*** Data shown ***

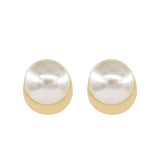 Sterling Silver Pearls Round Beads Geometric Earrings for Women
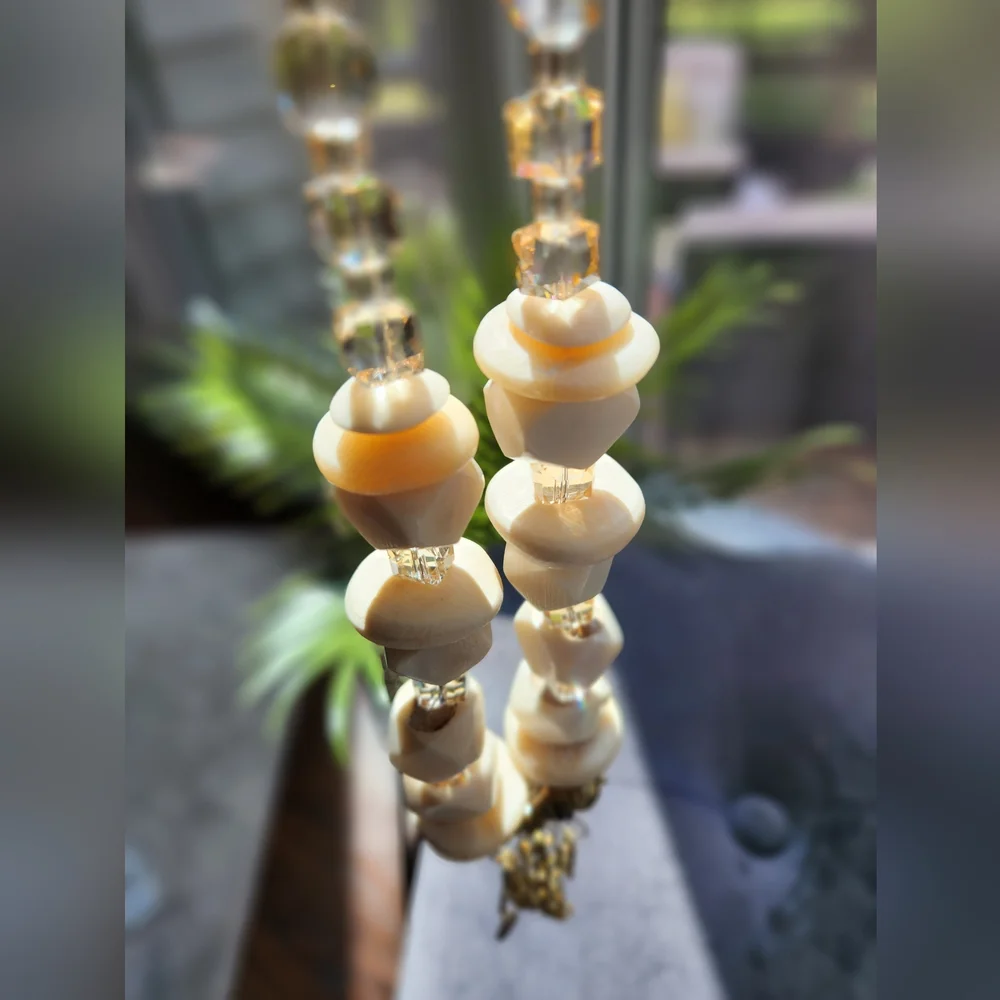 ✨️Ivory bone beads, Crystals, Tassel Focal Statement Necklace- Handcrafted✨️ - Picture 13 of 13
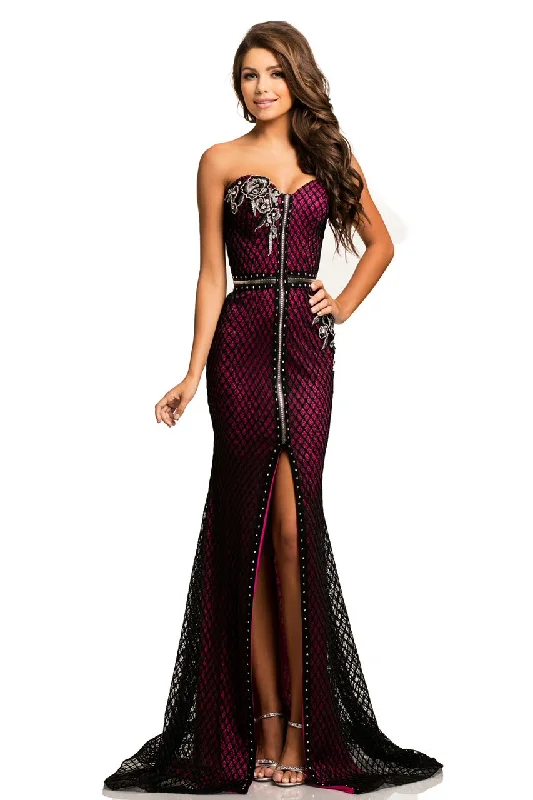 JK Couture 8042 Size 12 Black/Fuchsia Gala Event Dress Beetlejuice Event Wear Zipper JK Couture 8042 Size 12 Black/Fuchsia Gala Event Dress Beetlejuice Event Wear Zipper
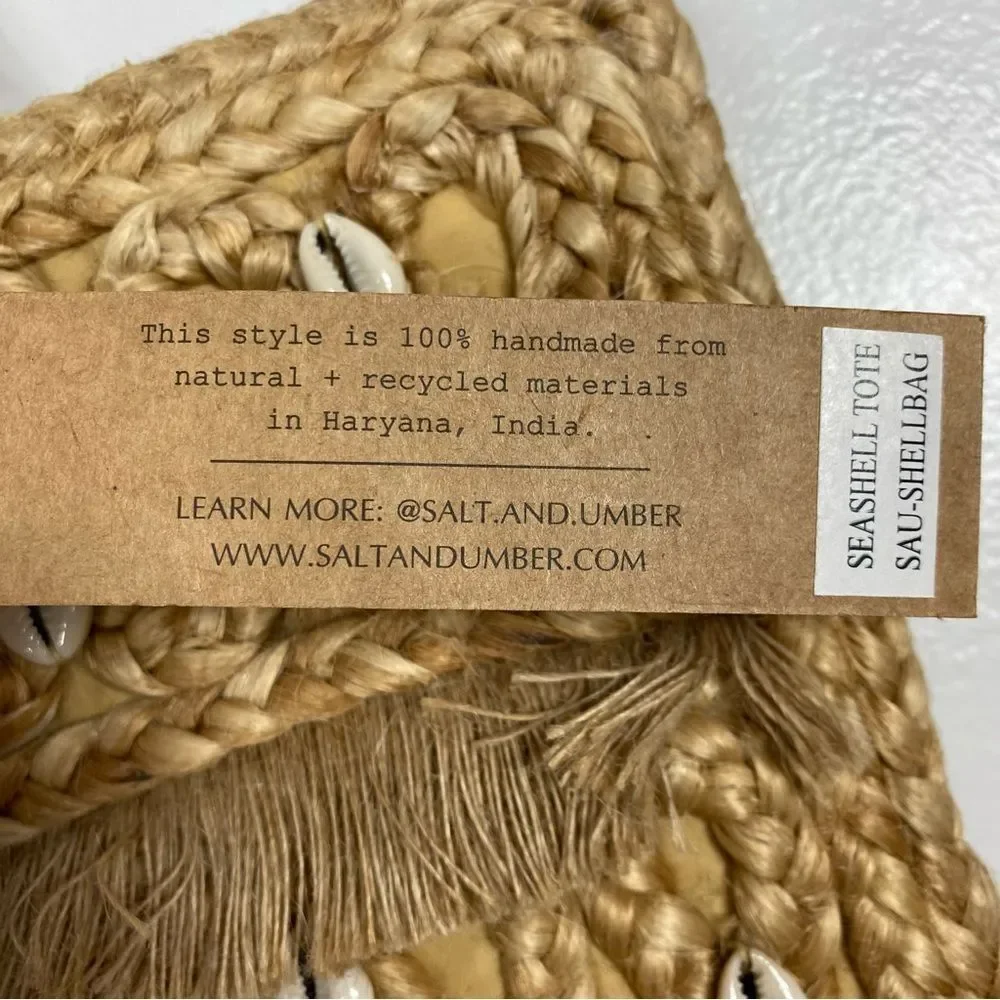 salt & umber jute and sea shell beach bag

***

## Brief
Omit all pictures, and repeat exactly the lines from the line containing "Wear Zipper JK" through the end of the data.

## Output below
 JK Couture 8042 Size 12 Black/Fuchsia Gala Event Dress Beetlejuice Event Wear Zipper JK Couture 8042 Size 12 Black/Fuchsia Gala Event Dress Beetlejuice Event Wear Zipper
 salt & umber jute and sea shell beach bag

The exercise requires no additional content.